Woodinville climber at Mt. McKinley symposium
by Jeff Switzer
Mountaineers and historians will delve into the mystery of who first conquered North America's highest peak, Mt. McKinley, at a symposium titled "Mt. McKinley and Dr. Frederick A. Cook" this Saturday at 8:30 a.m. in West Seattle.
Ted Heckathorn, Woodinville resident and symposium organizer, has his own role in the history of the McKinley historical controversy.
In 1989, Heckathorn found bank drafts and other documents showing that Robert E. Peary had bribed Dr. Cook's companion in 1909 into saying Cook and he had faked the ascent of McKinley in 1906. Cook's companion, Ed Barrill, had signed an affidavit in Tacoma saying he and Dr.
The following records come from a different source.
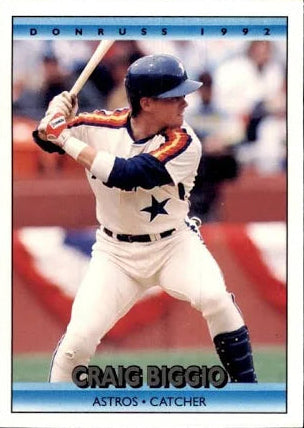 1992 Donruss Craig Alan Biggio Baseball Card #75
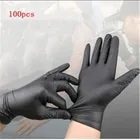 Виниловые перчатки 100 шт.корт. Одноразовые перчатки без пудры промышленная безопасность пищевых продуктов полупрозрачные бриллиантовые перчатки одноразовые перчатки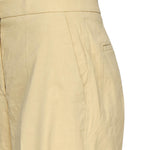 Pantaloni con piega in lino stretch 104929 A0IMC23 PINKO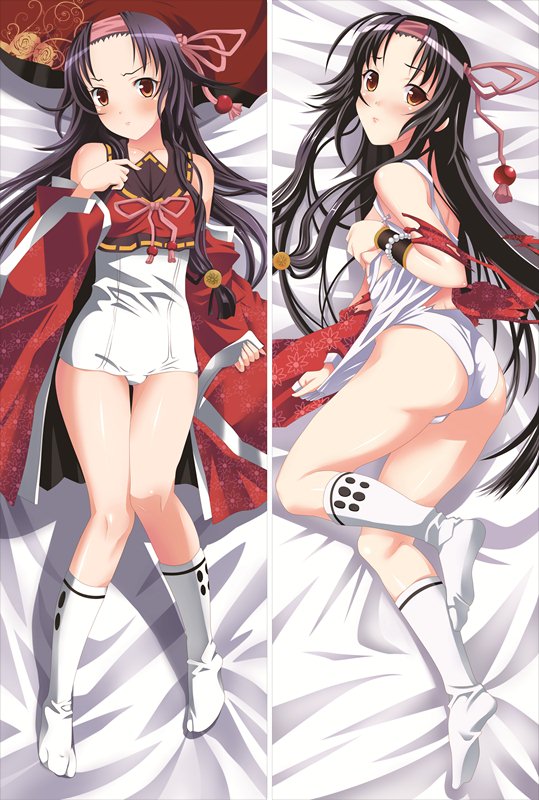 SAMURAI GIRLS Yukimura Sanada Anime Dakimakura Pillow Cover image 0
Cook had faked the ascent.
However, historians throughout the world have rebounded from the claims against Cook's ascent, and base information from Peary and Cook's personal papers opened to the public within the past 10 years.
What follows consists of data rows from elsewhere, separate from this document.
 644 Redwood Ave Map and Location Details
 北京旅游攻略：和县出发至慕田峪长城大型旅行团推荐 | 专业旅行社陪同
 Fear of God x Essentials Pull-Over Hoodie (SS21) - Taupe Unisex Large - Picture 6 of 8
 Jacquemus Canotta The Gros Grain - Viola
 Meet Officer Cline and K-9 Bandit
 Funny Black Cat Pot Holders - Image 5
Heckathorn organized an expedition to trace Cook's 1906 route in 1994, though no scholarly debate ensued.
Heckathorn's expedition and reaffirming results infuriated Cook's enemies, who held a mock trial in Alaska in February of this year. Heckathorn compared the trial to Galileo's 1633 heresy trial.
Those arguing against Cook's claims were challenged to present their case at this week's symposium. A long list of experts, authors, historians, climbers, and photographers will be speaking, including Heckathorn, who will give his account of the 1994 expedition.